Sim, recordo-me.
Claro que ele estava a mentir. Em tantos anos, face à abertura do país, milhares de viandantes se passearam por aquelas águas.
Mas ele ficou feliz, olhava de quando em vez as fotografias, sem ignorar os remos para me levar até à outra margem.
U Bein, Birmânia.
O nome soa exótico, o lugar permanece na memória durante anos e anos, não se apaga, pelo contrário, provoca um sentimento de nostalgia quando evocado à distância.
U Bein.
O vestígio mais famoso da antiga cidade de Amarapura, de onde foram transferidos 150 mil habitantes quando Mandalay conquistou o estatuto de capital, anima-se ao final da tarde, o sol estilhanço as águas do lago Taungthaman, os mais de 900 pilares em teca maciça formando desenhos, como serpentes, os monges e os trabalhadores cruzando a ponte que desafia o tempo desde meados do século XIX, alguns com bicicletas, de regresso às suas aldeias ou aos seus mosteiros, a vida feita de milhares de silhuetas ao longo de mais de um quilómetro, os guardadores de patos passando sob as suas estacas e o sol a pôr-se, um cenário poético, harmonioso.
U Bein.
Não há muito mais a dizer. Aqui impõe-se o silêncio. E algumas fotografias. Para mais tarde devolver.
Kintai
Iwakuni, Japão
Naquele dia, não cheguei propriamente a desfrutar da sua beleza. Talvez porque buscava silêncio. Era o final de Abril, dia de festival, de celebrar o nascimento do Imperador Showa, Hirohito, com uma parada samurai ao longo da ponte, cheia de cor, de trajes típicos, onde se colocavam todos os olhares de muitos japoneses e de alguns ocidentais. Regressei, dois anos mais tarde, mas uma semana antes. A ponte Kintai, aos pés do castelo de Iwakuni, revelava-se agora em toda a sua delicadeza, convidando a cruzá-la, para trás e para a frente, ou a admirá-la desde o rio Nishiki, com os seus bonitos cinco arcos em madeira, ou somente a pensar na sua história que remonta a 1673, apenas interrompida ao fim de 276 anos, quando não resistiu ao tufão Kijia, em 1950. Votada ao abandono, com o país ainda a viver a ressaca da II Guerra Mundial, foi restaurada três anos mais tarde e é, vigiada pelo monte Yokoyama, um dos destinos mais populares do Japão.

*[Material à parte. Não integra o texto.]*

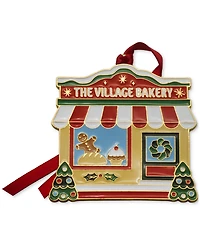 Wallace 2025 Gold-Plated Enameled Bakery Ornament, 2nd Edition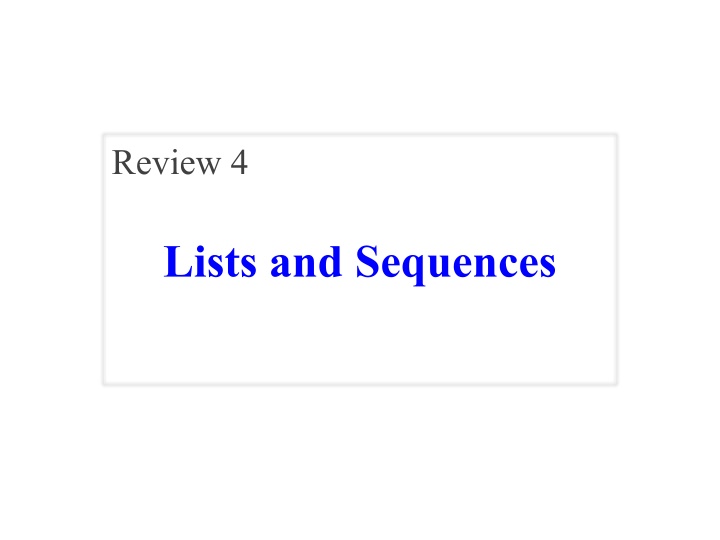 review 4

Volto a cruzá-la e chega-me, agora mais intenso, um aroma familiar. A flor de cerejeira. O odor penetra as narinas, enche o ar, magnetiza mas, ao mesmo tempo, devolve-me a outro tempo, a uma primeira infância, também entre as cerejeiras. Da janela contava os carros que passavam, via o comboio apressado, intrigava-me como a minha avó havia passado o rio a pé.
Ali não tinha uma ponte à mão. Mas era ali que me apetecia ter escrito esta história de pontes.